## WHAT YOU ARE ASKED TO DO
Copy every entry exactly as it stands, though any image it holds should stay out of the copy.
※ ※ ※
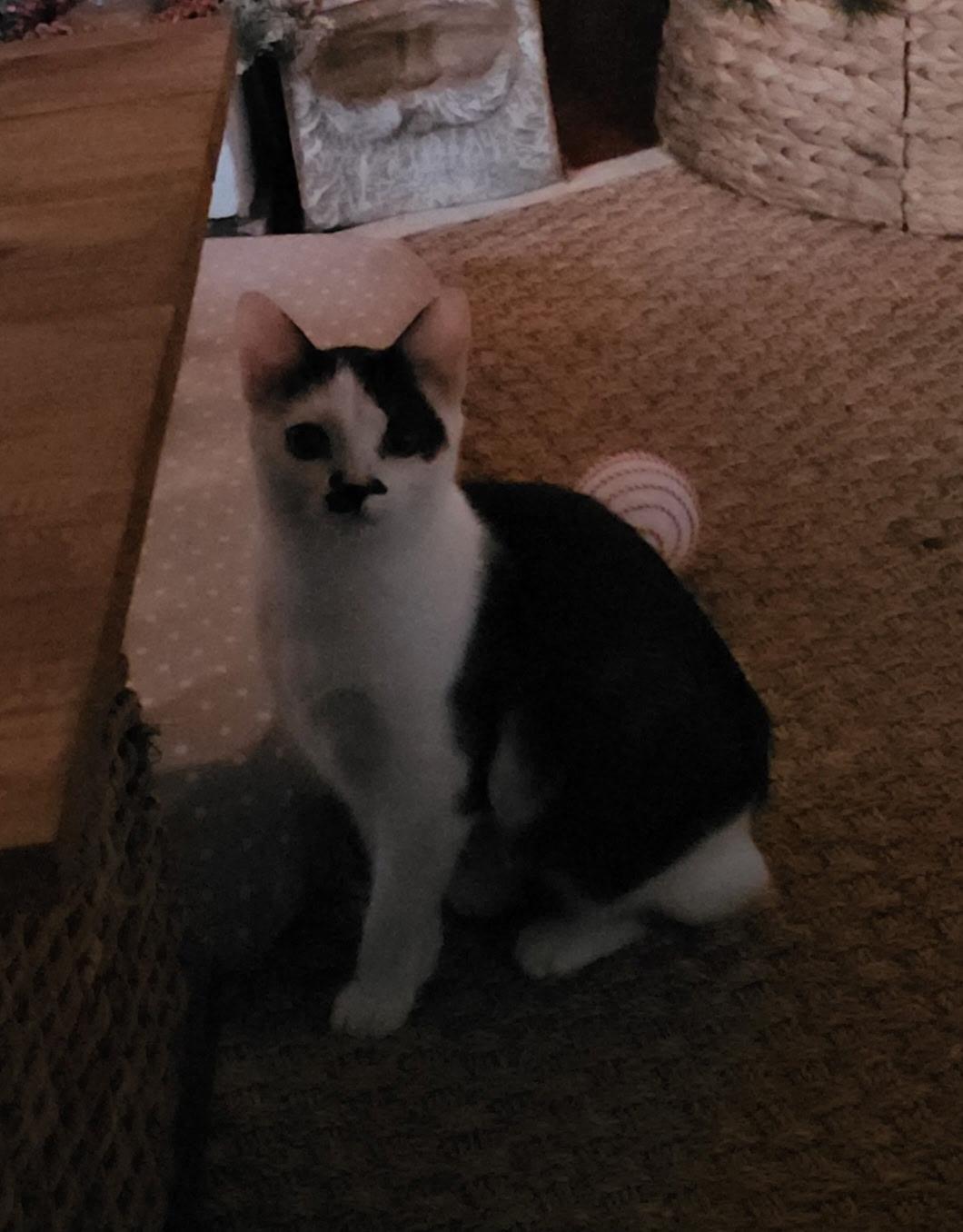 Elsa, a Adoptable Domestic Short Hair in Pinson, AL image 6/6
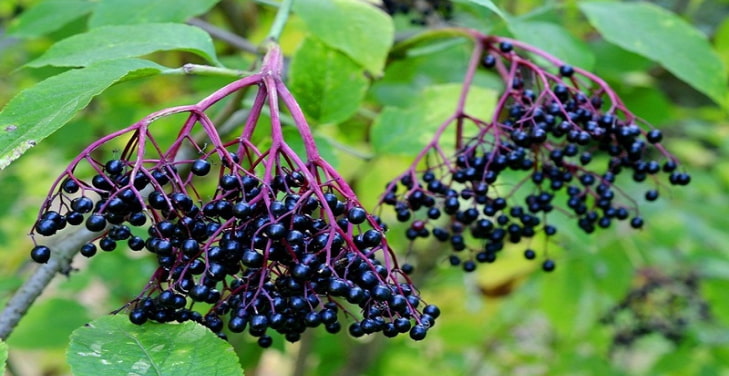elderberry-supplement
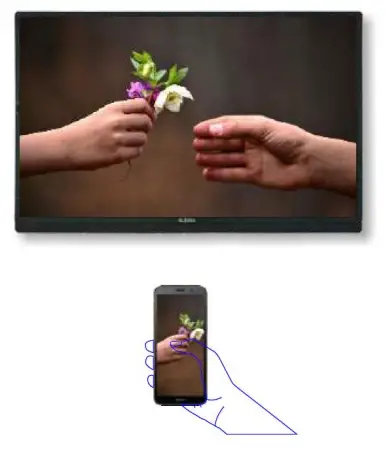 Wireless Screen Mirroring/Casting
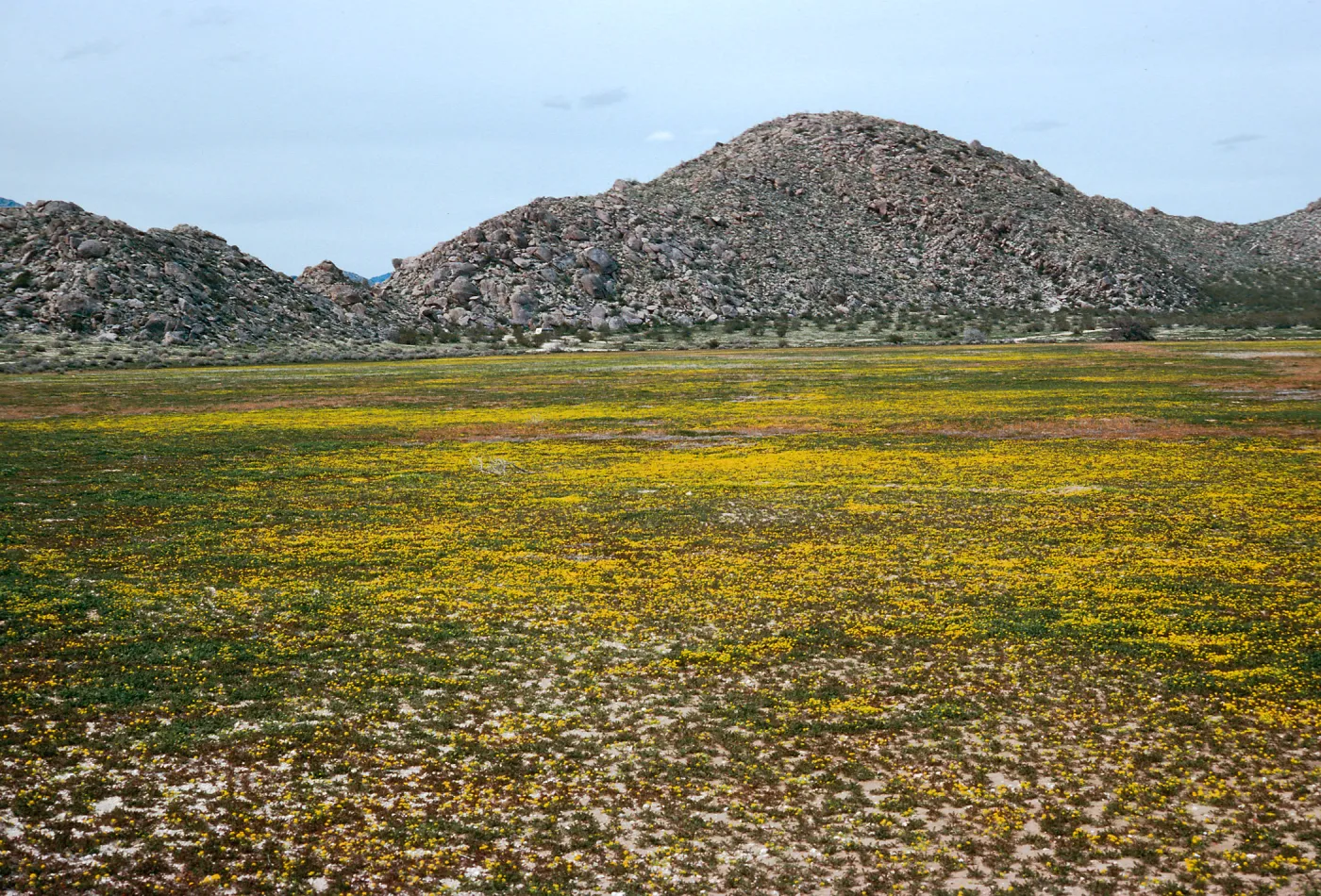Lepidium flavum, #4878, Little Blair Valley, Anza-Borrego State Park, San Diego County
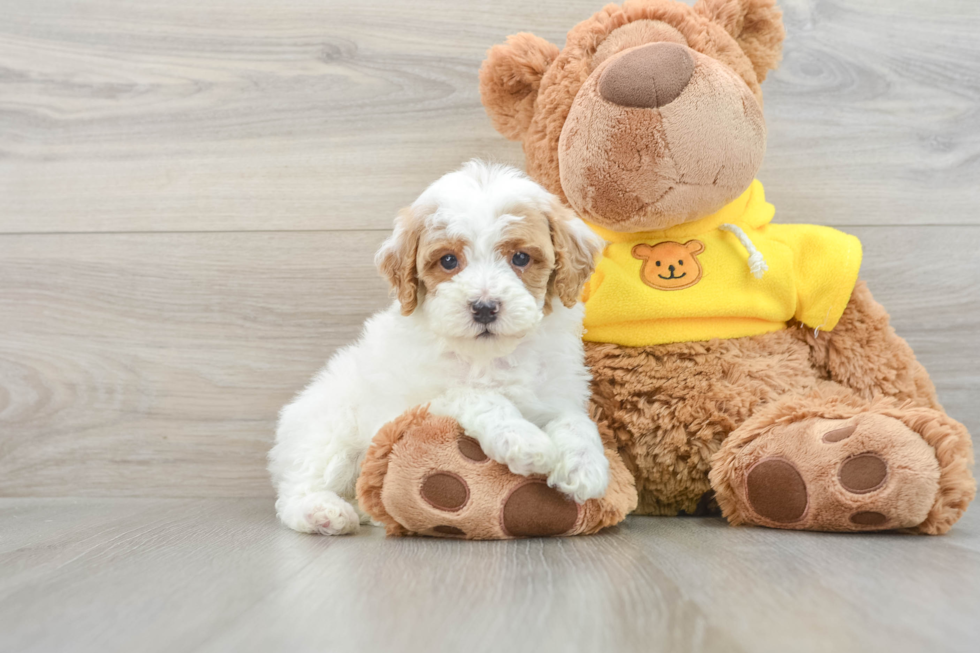 Adorable Pooodle Purebred Puppy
※ ※ ※
## EXERCISE RESULT
 Elsa, a Adoptable Domestic Short Hair in Pinson, AL image 6/6
elderberry-supplement
 Wireless Screen Mirroring/Casting
Lepidium flavum, #4878, Little Blair Valley, Anza-Borrego State Park, San Diego County
 Adorable Pooodle Purebred Puppy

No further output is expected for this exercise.